# On a scale of 1 to 10 how would you rate the success of your move so far?



## Editor (Oct 30, 2012)

It is very interesting to hear the feedback from expats who have moved to Australia because in general they seem to take the same path. There is the excitement at the prospect of moving to a new country and beginning a new life, then the reality of the challenge kicks in and then you finally land and this is it!

So, on a scale of 1 to 10 how would you rate the success of your move so far?


----------



## Ozz777 (Feb 23, 2013)

5. I got a new wife and baby son out of the deal, but have struggled adapting to the food and culture. I'm 47 and American. We will be moving to America before my son starts school.


----------



## DylanW (Jan 26, 2011)

I would have to rate my success about a 7. A lot has happened since I immigrated in April 2010:

1) I met my wife and got married in June 2011,
2) I have got over my home sickness and consider AU my home,
3) We are currently on the market looking to buy our new home.

The only reason I haven't rated my success factor higher is because ive had a really tough time with work over the 3 year period. I have found aussie businesses very ruthless that you may be liked by all and do very well but the minute you drop your guard and have 1 bad month it may be your last.
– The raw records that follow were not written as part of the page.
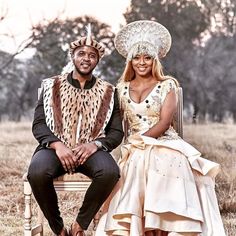 a man and woman sitting on a chair in front of trees wearing fancy costumes with feathers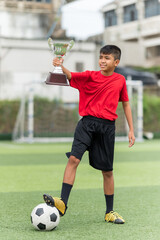 Asian Teenage soccer player holding a silver color trophy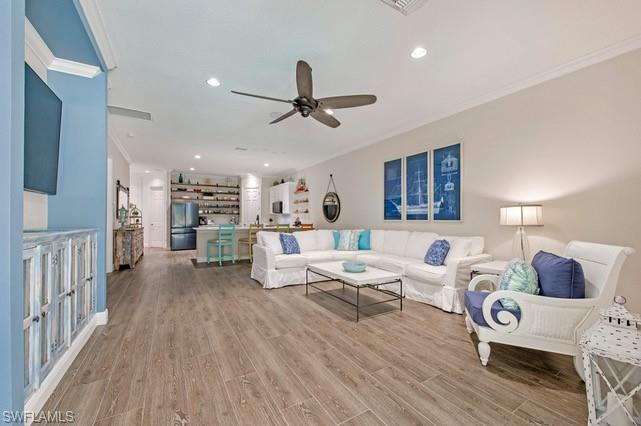Spacious living area featuring wood-finish flooring, crown molding, and recessed lighting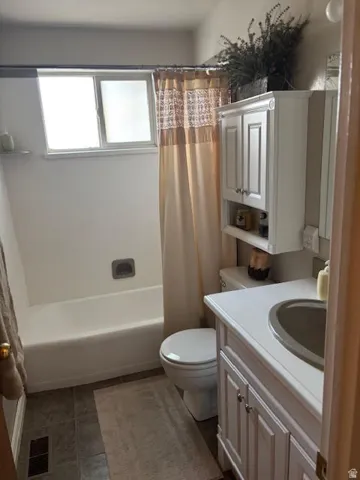 Full bath featuring vanity and shower / tub combo with curtain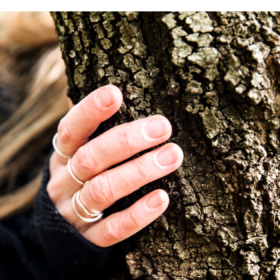 A Woman's hand touching the bark of a tree.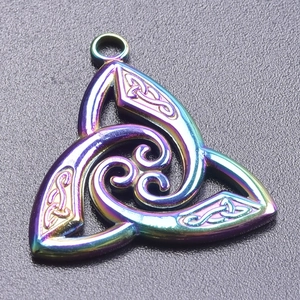 Macro shot of iridescent rainbow stainless steel witch knot pendant with triquetra detail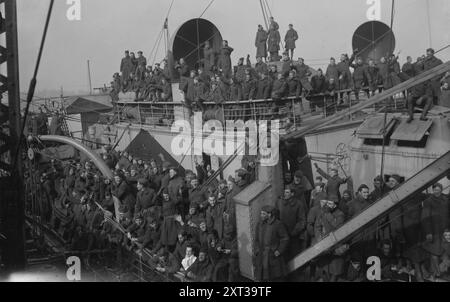 Piloten auf der RMS Mauretania, 1918. Zeigt den Ozeanliner RMS Mauretania in New York City mit amerikanischen Piloten und anderen Truppen, die nach dem Ersten Weltkrieg am 2. Dezember 1918 aus Europa zurückkehrten. Das Schiff ist in blendender Tarnung gemalt. Stockfoto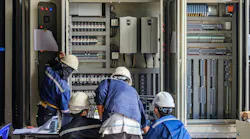 Engineer working on checking and maintenance equipment at wiring on PLC cabinet, Engineer checking status step up transformer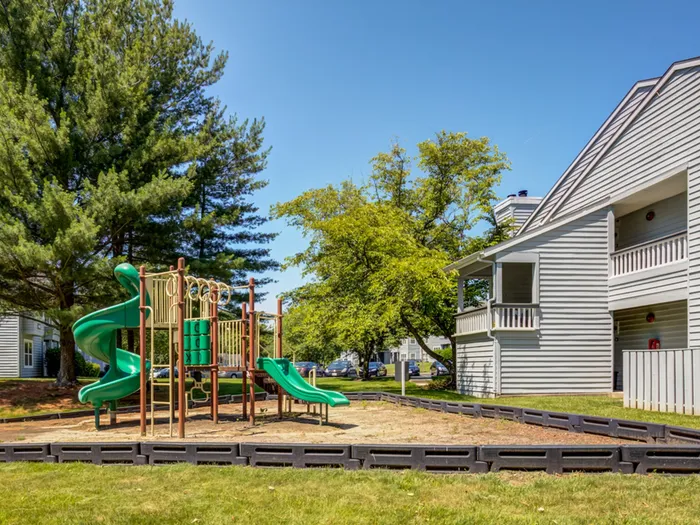 The playground at our apartments for rent in Bowie, MD, featuring a colorful play structure and view of the apartments.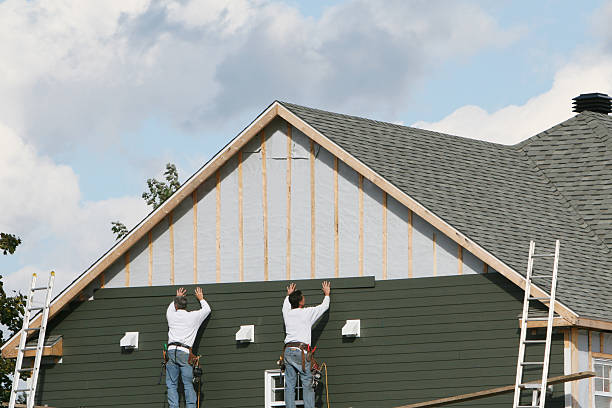 Professional Storm Damage Siding Repair technician working in Jeffersonville, OH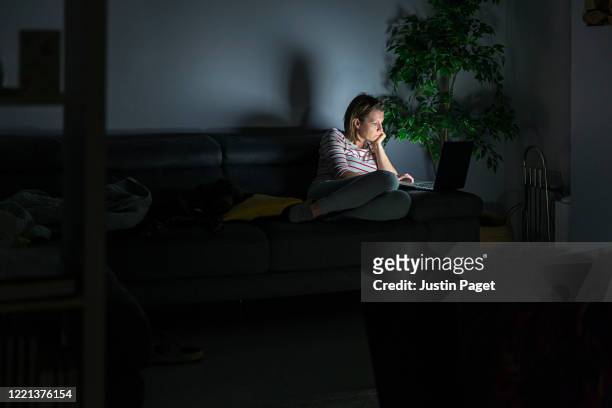 woman working from home late at night - quarantine stock pictures, royalty-free photos & images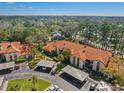 Stunning aerial view of condo buildings featuring tile roofs, carports and lush landscaping under a sunny, blue sky at 2632 Enterprise E Rd # A23, Clearwater, FL 33759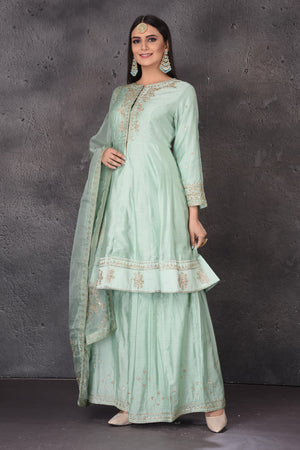 Shop beautiful mint green embroidered sharara suit online in USA with dupatta. Look elegant at weddings and festive occasions in exclusive designer suits, designer gowns, Anarkali suits, sharara suits, bridal gowns, palazzo suits, designer lehenga from Pure Elegance Indian clothing store in USA.-side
I am in a job I am very happy with now and they are very happy with me but I am not making anywhere as close to the salary I was making in South Africa before I immigrated. Hopefully one day I will 

Dylan

PS: Winikd = DylanW


----------



## louiseb (Dec 22, 2012)

Well after the excitement which was on a high 10+, i landed after a few days i wasnt to sure of what i,d done maybe a 7-8 then i went shopping 4-5 then i heard nothing from my family 2-3 not there fault i had no internet or phone. After a few weeks i got the internet so my initial score rose a little 5-6, couldnt adapt here to prices of things still a lowsy 4-5, then i posted a thread on the forum and received an abundance of comments which enabled me to think differently about things shopping, lol. so now i would ssay im on a slight rise of lets say 7-8. I would still jump on going back to Malta for sure for a holiday lol.


----------